By creating your own libraries, you stepped one abstraction layer down and found yourself in situations where you had to make sure the performance was decent, there were no memory leaks, and would work in many use cases. This required a sound understanding of how to implement common data structures and operations running on top of the libraries – in other words, writing algorithms.
The formal curriculum aligned with these requirements. You learned data structures and algorithms. You breathed implementations of binary trees, linked lists, all sorts of sorting algorithms, and the use of Big O Notation for calculating the performance of an algorithm’s best/worst/average cases. Knuth’s compendium “The Art of Computer Programming” was the classical software developer’s bible.

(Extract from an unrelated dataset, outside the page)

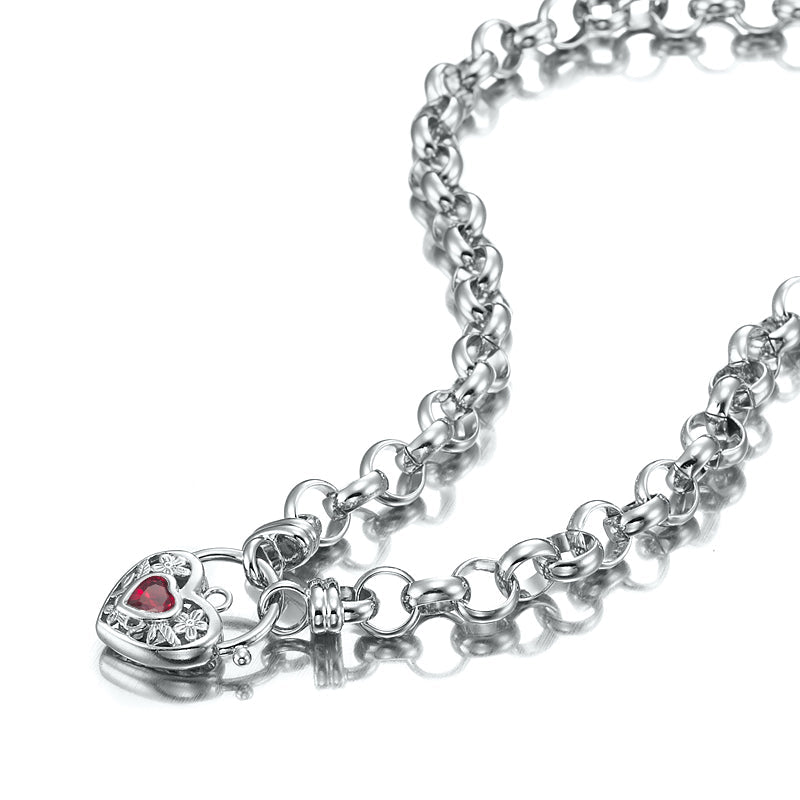 925 Sterling Silver Plated Belcher Chain Necklace with a Red Filigree Locket - USA Made-1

Last but not least, you had to be wise in the ways of mathematics.
With the rise of the World Wide Web, mainstream software development moved from desktop applications to web applications. A completely new scale of complexity impacts project infrastructure, programming language, database design, and more. That scale means a single developer, or even a team, can’t possess the knowledge needed to complete the project using classical techniques.

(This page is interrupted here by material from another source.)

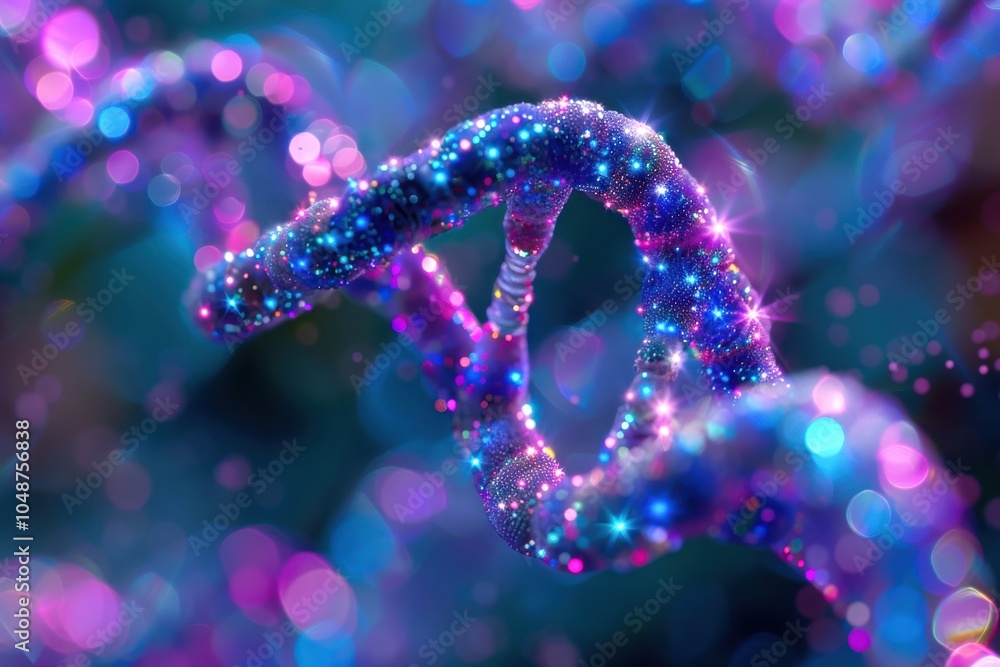 Poster mutation in dna: a close-up of dna strands showing a mutation, with one base pair altered to illustr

The Open Source scene got a big boost as developers spread their self-developed libraries to the public via the Internet. As a result, the number and variety of libraries is overwhelming. For example, libraries for the browser range from gigantic frameworks like Angular down to smaller, specialised tools like moment.js or lodash.

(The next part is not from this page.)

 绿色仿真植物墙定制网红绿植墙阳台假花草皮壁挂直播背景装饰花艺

Unless you must develop a library for a unique goal, you won’t do better than a team of skilled developers specialized in that particular domain, with years of experience, and backed by an actively-contributing open source community.
Also for the most primitive operations like iterating over a collection, it is better to use a library if it exists.
The main challenge for today’s programmer is not crafting the most suitable algorithm, but finding the right libraries and knowing how to combine them. In the best case you only write so-called glue code to manage the interplay between the libraries.
Of course, your application has a unique selling proposition that sets it apart from others. That core code should, and probably must, be developed by your internal team. For code that is not part of the core, you should take the time to check for existing libraries. You ought to find one that provides you with all the required functionalities and is actively maintained.
In the introduction I made the bold statement that keeping up to date with the technological progress is enough to “stay in demand”.
By distinguishing between a classical and a modern software developer, I hope I have shown that this is another type of work. From a classical developer’s perspective it requires a complete change of mindset.
Try to avoid active programming and switch to passive programming. That means reading others’ code and deciding if it suits the current application you are working on. You should be happy if your main programming task is writing glue code that binds together all these libraries.
This is what makes a good developer: finding the right combination of libraries, keeping them up to date, and reducing self-written code to the absolute minimum. Ideally the only code you write should be the part that makes your application special.
By no means do I want to discredit coding. You must understand and evaluate external code, after all. That is impossible if you don’t have sound programming skills.